SLAs And Four Nines Are Not Enough For High Availability In The Cloud

Guest: Dave Bermingham (LinkedIn, Twitter)
Company: SIOS Technology (Twitter)
Show: Let’s Talk

When most people think of high availability, they set four nines or less than five minutes of downtime every month as the baseline. But according to Dave Bermingham, Senior Technical Evangelist at SIOS Technology, high availability is more than that.

“When we look at the big picture of any service that needs to be available, there are many chains in that link. We call it the chain of high availability,” says Bermingham. “So you have to look at the big picture.”

He argues that counting on nines is really a measurement that you might be judged against, but really trying to guarantee a level of nines is almost impossible. Because there’s so many points in that availability chain that can be a single point of failure. Four nines is certainly a great number to be judged against and to strive for, but overall it doesn’t mean a lot to have just four nines for my database server.

Even with Cloud SLAs (Service Level Agreements), one can’t be fully rest assured as most cloud providers offer four nines on compute, which is only one part of the availability chain (along with network, storage, and the hops between). Bermingham warns, “There’s a million points of failure. So, trying to think that my cloud provider offers four nines so I’m covered, you’re kind of fooling yourself there. You have to look at the big picture and do what you can to identify those points of failures, to minimize the potential points of failure and to have a recovery plan, should something happen.”

When considering High Availability/Disaster Recovery (HA/DR), Bermingham believes the thing that causes the most visible downtime is human error.

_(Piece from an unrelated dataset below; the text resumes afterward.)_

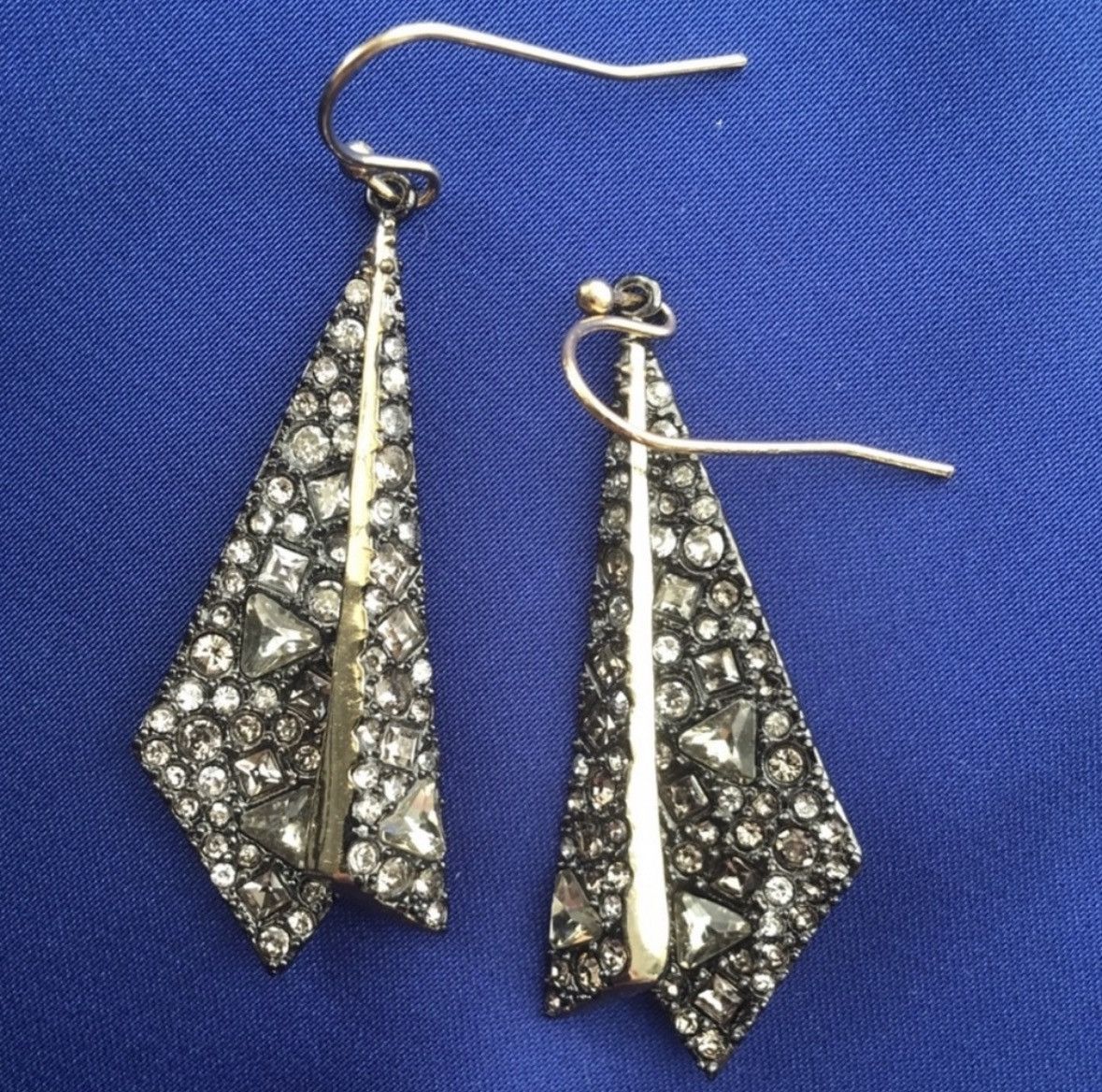 Alexis Bittar Alexis Bittar Two Tone Origami Earrings Size ONE SIZE - 1 Thumbnail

Bermingham also suggests that authorization and access to the system should also be restricted to reduce the point of failure. “You should only give access to those who absolutely need access to it and you should also ensure that they are highly trained and that you have all the things in place to help minimize potential oops.”

Another important tip Bermingham offers is to make sure your storage is highly available. To that, he says, “You’re never going to have more availability than the weakest link in that chain.” Other tips include having the ability to rapidly recover from corruption events and making sure you don’t have nefarious people breaking into your network.

The summary of the show is written by Jack Wallen

Swapnil Bhartiya: Hi, this is your host Swapnil Bhartiya and welcome to TFiR Let’s Talk. And today we have with us, once again, Dave Bermingham, Senior Technical Evangelist at SIOS Technology. Dave, it’s great to have you back on the show.

Dave Bermingham: I’m glad to be here. Thanks for having me, once again.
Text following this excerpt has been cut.